Would like to hear from node POSITIVE survivors out there!

Pam, I am right there with you... I look forward to seeing the responses you get! For all of us ending our treatments soon ....

I was also diagnosed with node positive disease over 3 years ago.  I had dd AC/T, Tamoxifen and rads, oophorectomy, Arimidex and now Femara.  It took me almost 3 years to think I might just make it.  I still have fears of recurrence but nothing like right after I completed treatment.  It does get better with time.  How do I calm the fear?  I come here when I am fearful to communicate with others who understand and I volunteer at my cancer center helping other newly diagnosed women.  It helps me to stay involved in the cause.  I also try to eat healthy, exercise, take my meds and realize I have done and am doing everything I possibly can to prevent a recurrence.  If it happens, it won't be because of something I did or didn't do. 

Pam,

I can sympathize. I am Stage3 ER/PR positive and her negative I had a biopsy on my lymph node that was 5 cm had Auxillary lymph node biopsy 9/18. I just finished chemo AC 4 rounds and 4 rounds of Taxol. Jan 2 was my last chemo date.I loved my dr and loved the nurses adn even had a cry the last day in the drs. office. My daughter had to leave because her boss forgot that I was in treatment and I just cried my heart out. That comes from knowing you are ending you tx, it is an elated feeling but also an insecure feeling.  I am getting ready to start radiation, and aramidex. Unlike most there was no primary so I am intact. As I go into radiation I too have my little demons as I call them. I keep them to myself and tell no one not even the people closest to me. If anyone saw me they would think my attitude is wonderful. How do I cope??? Easy I got tired of feeling tired and decided not to focus on the negative and from the beginning I have always had a positive attitude. When ask how I can be this way I just tell everyone the cancer did not effect my brain just my body.
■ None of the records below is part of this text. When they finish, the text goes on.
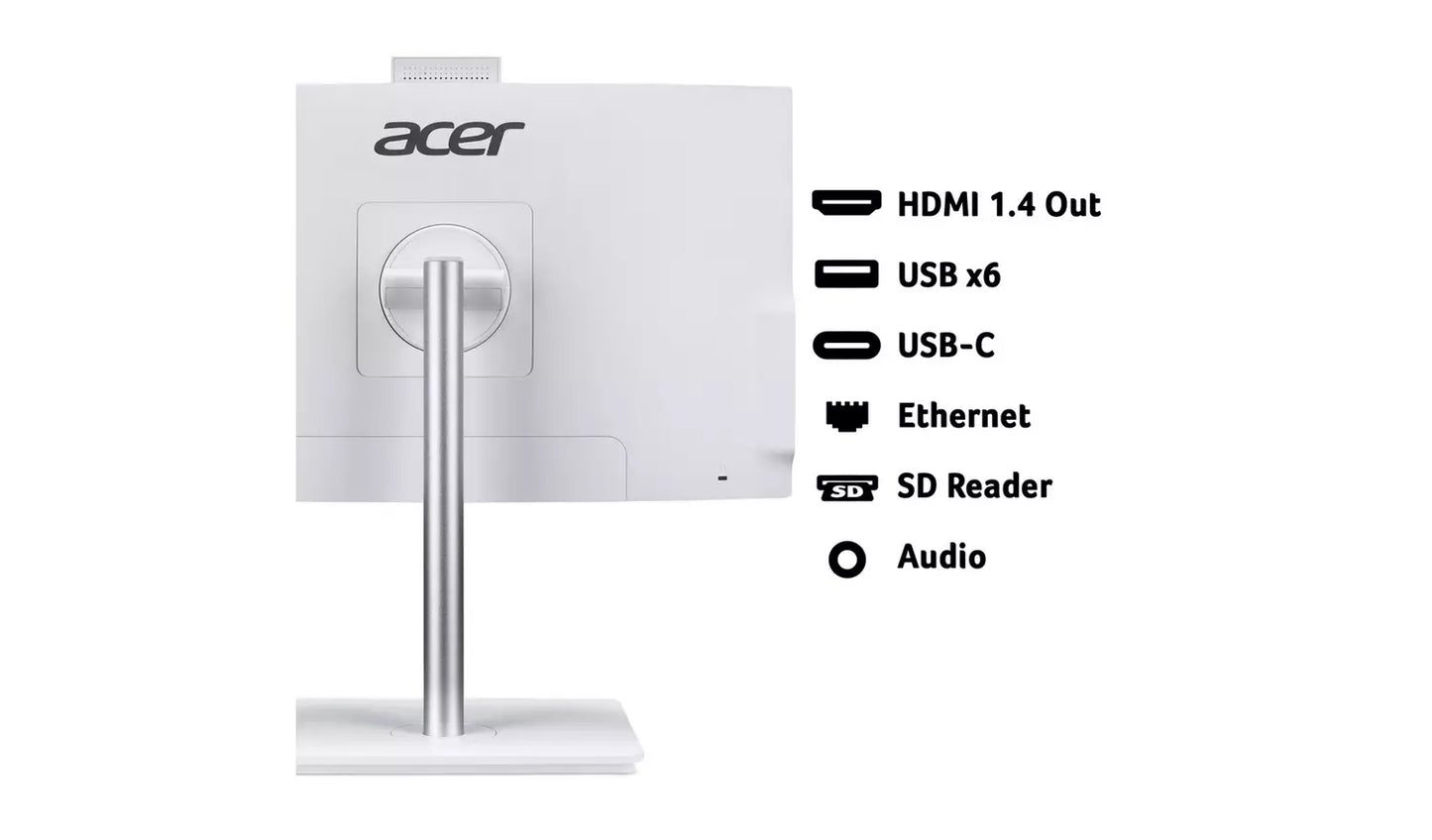 Acer C24-A-GRPL 24in i5 8GB 1TB All-in-one PC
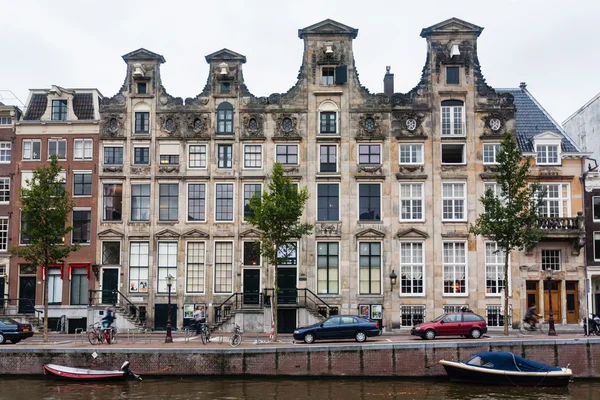 Amsterdam house facade — Stock Photo, Image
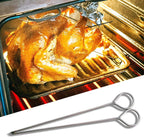 15 Pcs Turkey Lacers for Trussing Turkey, Wraps Turkey Lacers, Metal Skewers 5.8 Inch, Multi-Use Chicken and Turkey Wraps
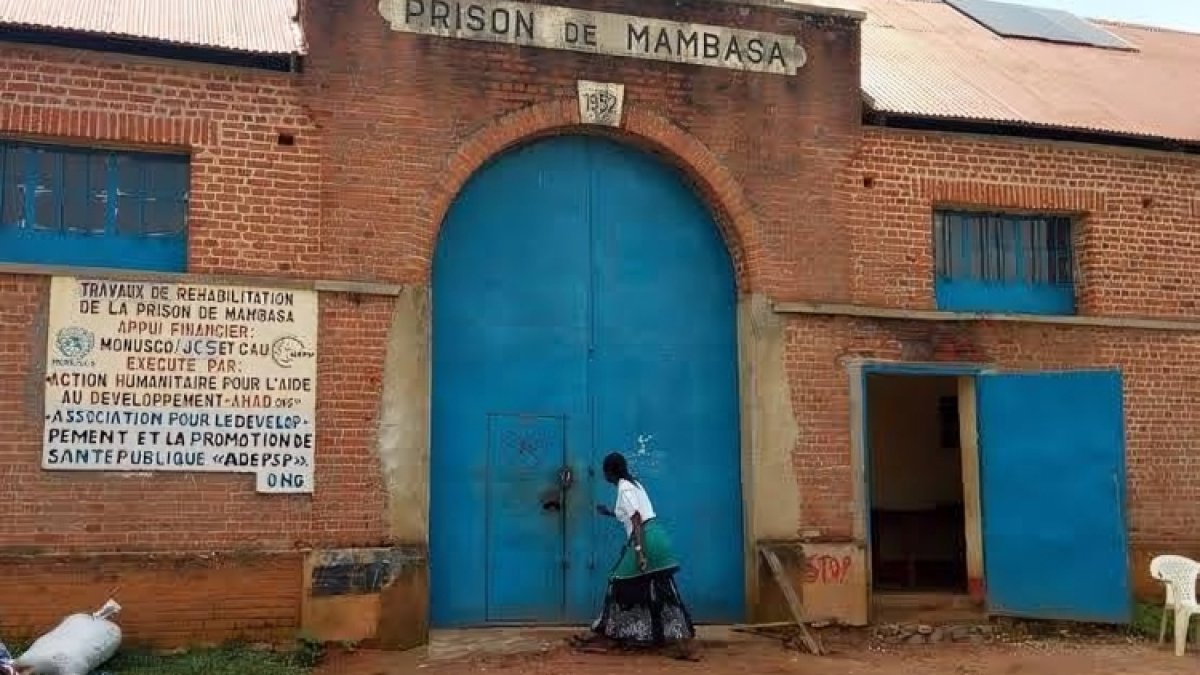 Justice — Surpopulation à la prison de Mambasa : un défi pour la justice en Ituri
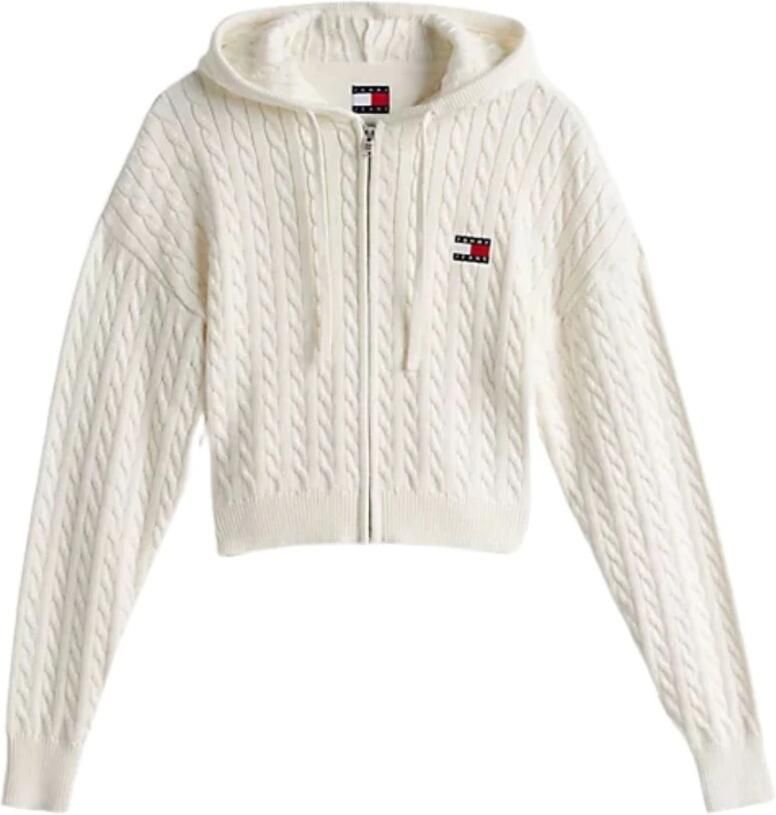 TOMMY JEANS Capuchontrui TJW BADGE CABL HOOD CARDIGAN EXT - Foto 2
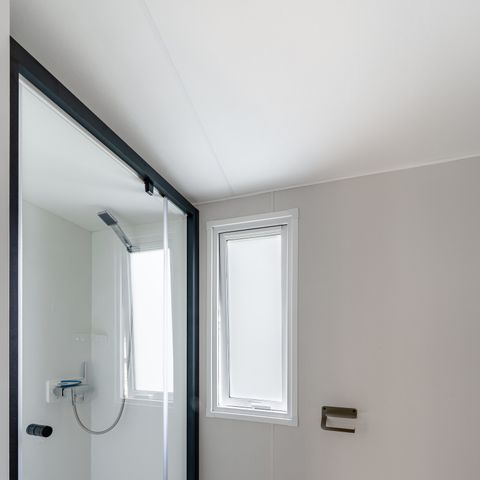 BUNGALOW 2 personnes - Mobil-home Premium 19m² (1 chambre) + Lave-vaisselle + Terrasse semi-couverte 11m²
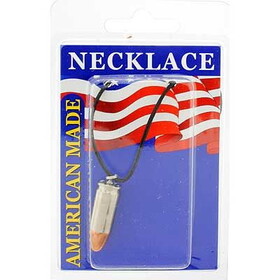 Eagle Emblems NC9489 Necklace-Bullet, 9Mm (Nickel)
I also keep busy. I read; make my greeting cards and do things I did before all this started. An active mind does not have a chance to dwell on the what if's. Trust me  it is scary having all these tests and not finding a primary, and knowing one has to exist since I have invasive ductal. I just have a strong faith. Do not let anyone tell you not to e nervous, if they do they do not know this side of the rainbow. If you have a bracelet or a pin wear it and every once in awhile driving down the road or sitting in a chair grab it and realize YOU are a survivor and belong to a strong network of sisters going through the same turmoils as you and the ups and down and you are not alone. The other thing that I storngly advise is go to the chat room. I was dx July 29,08 and they are my stongest support system. In the room you can voice your fears; you can cry(and have lots of hugs and sympathy) and then you can laugh and stay up until all hours. Sweetie are not alone and if you come into the room I will most definitely make you feel welcome.